Пока они шли из бассейна, пока дошли до своего подъезда и поднялись на шестой этаж, дедушка уже все узнал про предстоящее соревнование, про "курсовку", к которой будет допущена вся Маринкина группа.
Но ведь это дедушка все знает.
И, придя домой, Маринка начинает сначала. Хоть это будет лишь обычная курсовка, но на курсовке все бывает по-настоящему, как на большом соревновании. Каждому отведут водную дорожку. Каждому совершенно отдельную. Никто тебе не станет мешать! И у нее, Маринки, тоже будет своя дорожка, своя стартовая тумбочка. И судьи будут засекать время по секундомеру. А как же? И будет стартовый пистолет…
– Что-что?
– настораживается бабушка.
– Какой еще пистолет? Стрелять будут?
– Да стартовый же, бабушка!
– объясняет Маринка.
– Ты не бойся. Никого не убьют. Из него только - бах!
– и уж тогда не зевай, вмиг прыгай в воду и плыви…
Бабушка успокаивается:
– Уж чего не знала, того не знала! Первый раз слышу про такие пистолеты.
Да, теперь есть уже такие вещи, которые бабушка не знает, и Маринке приходится ей объяснять.
– А если я хорошо проплыву дистанцию, - продолжает Маринка,- то получу значок "Умею плавать".
Сказав это, Маринка выжидательно смотрит на бабушку: а что такое дистанция (тоже ведь трудное слово!), бабушка знает?
Наверно, все-таки знает, потому что спрашивает правильно:
– Какую же дистанцию тебе надо будет проплыть?
– Какую?
Маринка небрежно пожимает плечами:
– Так себе дистанция… Кролем пятьдесят метров. Ничего особенного.
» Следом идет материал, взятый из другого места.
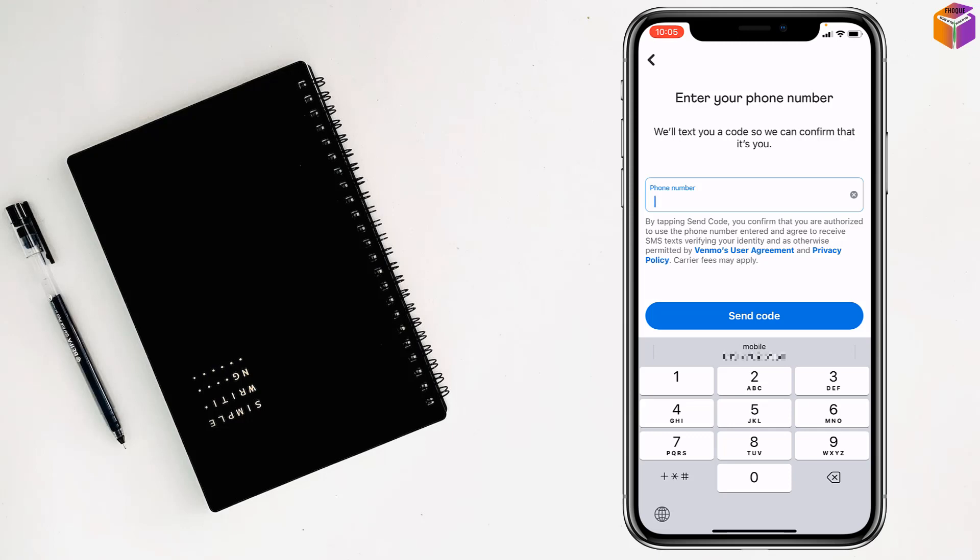The further option is that you have to set your bank details on Venmo. So, like this, you can set up Venmo on iPhone.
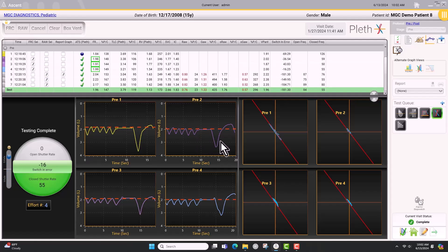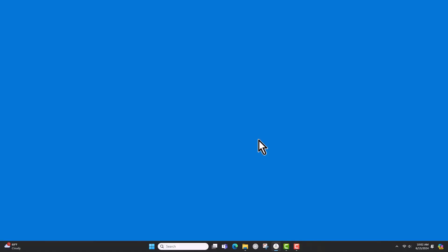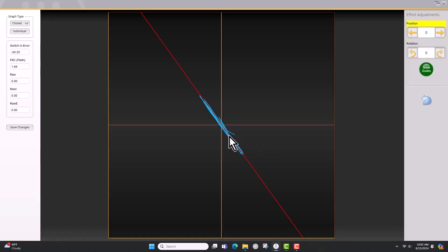If a tracing needs adjustment, double-click on the graph to bring you to the adjustment screen. Always check the line of best fit before selecting efforts to average. Selecting an effort that has an inappropriate line of best fit will cause your lung volumes to be inaccurate.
Ничего особенного? А у самой глаза блестят. А сама напыжилась от гордости. А сама ждет не дождется маму и папу, чтобы начать рассказывать все по порядку, с самого начала! Ну и Маринка! Ну и чудеса! Ведь совсем недавно, несколько месяцев назад, она понятия не имела, что это за слово "кроль". А сейчас сама собирается плыть этим самым кролем. И ничего особенного ей - пятьдесят метров.
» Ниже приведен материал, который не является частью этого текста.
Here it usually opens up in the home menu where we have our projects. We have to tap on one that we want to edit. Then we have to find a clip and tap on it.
Вдруг бабушка, пристально поглядев на внучку, улыбнулась.
– Веснушек-то, веснушек у ней… Весь нос в конопаточках! Да где ты их столько набрала, Мариночка?…
Где? Не мудрено набрать, когда весна пришла. А где весна, там и веснушки!
АНТОН СОБИРАЕТСЯ УЕЗЖАТЬ, А ГАЛЯ ВСТРЕЧАЕТ ТУСЮ
Они сидели вдвоем на балконе, Антон и Маринка. Отсюда, с шестого этажа, им хорошо был виден и слышен Ленинградский проспект. Оттуда доносилось много разных звуков: и шелест автомобильных шин по асфальту, и вдруг лязг тормоза, и неясный гул человеческих голосов, и редкие звонки трамваев
Уже стояла жаркая весна. Май близился к концу. Всюду продавали пучки
Пройдет еще несколько дней, и в школе кончится учебный год. И в спортивной школе бассейна тоже скоро будет перерыв в занятиях - до осени.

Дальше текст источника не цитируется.